A year ago, with the U.S.—and global—economy mired in a deep recession, and the imaging and imaging informatics industries shadowed with concern over a variety of unresolved policy and reimbursement questions, the atmosphere at the RSNA Conference felt rather shaky. I remember comparing it to the atmosphere of Vienna prior to the previous turn of the century of 120 years ago, as described in the book “A Nervous Splendor: Vienna, 1888-1889,” by Frederic Morton.

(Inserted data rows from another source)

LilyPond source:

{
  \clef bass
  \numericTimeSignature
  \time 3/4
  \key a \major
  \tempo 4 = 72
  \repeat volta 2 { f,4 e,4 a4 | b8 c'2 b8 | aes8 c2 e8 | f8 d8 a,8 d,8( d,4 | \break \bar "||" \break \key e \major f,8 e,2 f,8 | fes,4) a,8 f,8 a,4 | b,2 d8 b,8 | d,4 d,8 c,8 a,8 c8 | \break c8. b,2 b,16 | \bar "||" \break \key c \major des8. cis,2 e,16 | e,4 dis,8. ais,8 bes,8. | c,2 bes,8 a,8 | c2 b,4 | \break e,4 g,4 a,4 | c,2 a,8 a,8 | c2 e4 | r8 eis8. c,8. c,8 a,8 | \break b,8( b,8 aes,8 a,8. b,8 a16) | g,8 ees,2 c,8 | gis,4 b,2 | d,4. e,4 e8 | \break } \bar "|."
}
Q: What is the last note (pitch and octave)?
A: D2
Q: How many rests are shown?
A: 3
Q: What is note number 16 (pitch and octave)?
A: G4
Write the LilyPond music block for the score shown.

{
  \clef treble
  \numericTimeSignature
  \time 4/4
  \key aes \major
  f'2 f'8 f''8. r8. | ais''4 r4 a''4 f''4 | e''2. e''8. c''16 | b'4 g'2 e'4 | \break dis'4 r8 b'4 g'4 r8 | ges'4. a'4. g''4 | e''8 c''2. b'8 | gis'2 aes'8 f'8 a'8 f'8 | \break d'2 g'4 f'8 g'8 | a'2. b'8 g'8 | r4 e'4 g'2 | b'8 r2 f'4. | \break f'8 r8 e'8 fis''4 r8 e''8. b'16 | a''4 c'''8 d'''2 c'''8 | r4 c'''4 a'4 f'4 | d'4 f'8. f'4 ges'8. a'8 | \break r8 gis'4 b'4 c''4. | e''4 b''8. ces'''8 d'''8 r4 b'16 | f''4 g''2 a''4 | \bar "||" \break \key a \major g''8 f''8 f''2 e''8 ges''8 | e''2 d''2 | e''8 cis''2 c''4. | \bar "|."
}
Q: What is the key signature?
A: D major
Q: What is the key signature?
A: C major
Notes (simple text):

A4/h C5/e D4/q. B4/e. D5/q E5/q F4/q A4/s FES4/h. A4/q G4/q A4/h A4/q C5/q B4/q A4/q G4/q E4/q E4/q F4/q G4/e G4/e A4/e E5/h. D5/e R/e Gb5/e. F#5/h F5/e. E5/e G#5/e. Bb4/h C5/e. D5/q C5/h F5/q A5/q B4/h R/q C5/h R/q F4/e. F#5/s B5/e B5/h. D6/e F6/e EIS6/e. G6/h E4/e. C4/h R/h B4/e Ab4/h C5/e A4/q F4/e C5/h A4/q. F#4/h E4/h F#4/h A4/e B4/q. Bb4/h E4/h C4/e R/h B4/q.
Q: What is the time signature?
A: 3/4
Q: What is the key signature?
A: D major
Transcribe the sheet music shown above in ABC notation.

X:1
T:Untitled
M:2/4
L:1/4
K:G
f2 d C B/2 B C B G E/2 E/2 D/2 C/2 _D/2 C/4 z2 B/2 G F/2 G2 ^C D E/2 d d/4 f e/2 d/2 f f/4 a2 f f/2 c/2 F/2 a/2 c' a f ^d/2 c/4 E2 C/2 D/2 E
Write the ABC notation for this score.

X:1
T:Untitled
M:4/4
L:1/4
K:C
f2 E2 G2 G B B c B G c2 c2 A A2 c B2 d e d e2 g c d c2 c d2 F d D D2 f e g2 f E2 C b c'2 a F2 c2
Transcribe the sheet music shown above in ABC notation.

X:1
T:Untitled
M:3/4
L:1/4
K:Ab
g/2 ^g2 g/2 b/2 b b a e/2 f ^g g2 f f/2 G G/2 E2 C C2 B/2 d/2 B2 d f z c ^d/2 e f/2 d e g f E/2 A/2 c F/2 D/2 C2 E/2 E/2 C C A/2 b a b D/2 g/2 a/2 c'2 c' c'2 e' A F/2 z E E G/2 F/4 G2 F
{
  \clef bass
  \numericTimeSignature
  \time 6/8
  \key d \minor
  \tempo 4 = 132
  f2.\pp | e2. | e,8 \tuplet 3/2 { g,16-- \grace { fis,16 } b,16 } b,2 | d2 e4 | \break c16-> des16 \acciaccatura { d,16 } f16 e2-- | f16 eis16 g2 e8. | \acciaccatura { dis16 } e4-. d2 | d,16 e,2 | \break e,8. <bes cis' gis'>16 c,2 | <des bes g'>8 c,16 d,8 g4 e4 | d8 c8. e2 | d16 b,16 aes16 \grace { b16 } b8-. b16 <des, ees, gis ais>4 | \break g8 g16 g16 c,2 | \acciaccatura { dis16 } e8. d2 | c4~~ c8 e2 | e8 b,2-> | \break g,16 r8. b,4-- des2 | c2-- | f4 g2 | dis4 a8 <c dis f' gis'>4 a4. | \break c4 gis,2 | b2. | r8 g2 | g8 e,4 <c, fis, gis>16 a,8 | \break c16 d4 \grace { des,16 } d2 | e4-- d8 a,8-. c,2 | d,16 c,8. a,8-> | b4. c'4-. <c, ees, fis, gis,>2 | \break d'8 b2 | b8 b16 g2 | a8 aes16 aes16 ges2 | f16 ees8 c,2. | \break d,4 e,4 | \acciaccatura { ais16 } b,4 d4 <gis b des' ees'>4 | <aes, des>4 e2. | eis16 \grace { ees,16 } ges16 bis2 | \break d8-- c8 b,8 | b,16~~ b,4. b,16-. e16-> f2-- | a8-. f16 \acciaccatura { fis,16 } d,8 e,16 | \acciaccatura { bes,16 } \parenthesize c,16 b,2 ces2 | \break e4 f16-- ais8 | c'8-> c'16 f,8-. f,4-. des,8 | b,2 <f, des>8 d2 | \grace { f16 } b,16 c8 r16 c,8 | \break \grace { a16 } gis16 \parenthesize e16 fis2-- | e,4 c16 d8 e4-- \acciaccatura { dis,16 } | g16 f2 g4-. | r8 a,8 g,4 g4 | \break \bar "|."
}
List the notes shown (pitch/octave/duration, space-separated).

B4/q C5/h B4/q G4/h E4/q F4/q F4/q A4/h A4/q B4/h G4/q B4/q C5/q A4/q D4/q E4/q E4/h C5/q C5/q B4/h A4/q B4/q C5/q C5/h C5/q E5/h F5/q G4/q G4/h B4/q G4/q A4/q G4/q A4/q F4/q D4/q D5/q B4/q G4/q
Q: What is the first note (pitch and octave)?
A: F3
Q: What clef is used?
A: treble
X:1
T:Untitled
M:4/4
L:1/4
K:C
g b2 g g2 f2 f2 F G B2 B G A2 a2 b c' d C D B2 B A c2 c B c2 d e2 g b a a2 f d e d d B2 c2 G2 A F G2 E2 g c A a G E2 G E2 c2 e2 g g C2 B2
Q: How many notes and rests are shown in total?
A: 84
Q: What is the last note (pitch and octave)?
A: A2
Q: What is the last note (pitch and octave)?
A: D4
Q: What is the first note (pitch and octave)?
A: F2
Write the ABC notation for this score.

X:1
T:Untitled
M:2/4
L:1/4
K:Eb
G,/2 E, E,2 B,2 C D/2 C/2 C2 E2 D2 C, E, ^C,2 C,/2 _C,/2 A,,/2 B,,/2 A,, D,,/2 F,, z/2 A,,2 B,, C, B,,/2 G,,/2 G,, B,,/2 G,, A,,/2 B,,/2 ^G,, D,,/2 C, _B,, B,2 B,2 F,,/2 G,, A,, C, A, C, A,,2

Among other things, the recession had caused hospitals to pull back on purchasing new PACS and RIS systems; the fact that imaging informatics was not explicitly addressed in the interim final rule on meaningful use under the HITECH Act had created an immediate falloff in interest in PACS and RIS among CIOs and other healthcare IT leaders; the imaging modality market, for all its innovations, had become largely saturated at the same time the PACS/RIS market had become saturated and undynamic; and above all hung questions over the federal healthcare reform legislative process and the ongoing SGR physician-payment crisis. In such an environment, it was hard to see many “ups.”
Fast-forward a year, and RSNA felt slightly different—if not wildly different—this year. From everything we’re hearing, contracts are up slightly for the purchase of PACS and RIS systems; healthcare reform legislation, though still politically embattled, had at least passed Congress and given everyone some sense of overall federal healthcare policy priorities and parameters; and though the SGR drama continues, at least we now have some sense of what the political environment on Capitol Hill will be for the time being, following the mid-term elections in November.
What’s more, somehow everything just seems like a “new normal,” with the healthcare industry, despite all its challenges, evolving forward, as always. In that context, honestly, a 2-percent increase in attendance over last year (56,574, as of Tuesday, versus 55,403 as of the Tuesday of last year’s conference) doesn’t really seem like a bad turnout at all.
Meanwhile, interesting discussions seemed to be popping up all over the place, particularly around such topics as image mobility/universal image availability, 3D visualization and the resulting need for a storage infrastructure overhaul, and the place of imaging informatics in health information exchange. And even though imaging IT was not specifically addressed in the final rule for stage 1 of meaningful use, there is always the possibility that, whether explicitly addressed in stages 2 and 3 or not, the integrality of images to overall clinical computing will inject more energy into imaging informatics going forward. My conversations with CIOs, radiologist leaders, and consultants convince me that there will be enough incentive for vendors to turn their focus to optimizing the efficiency and physician-centeredness of imaging and informatics processes. In that regard, it will be interesting to hear what the discussions are like at RSNA 2011.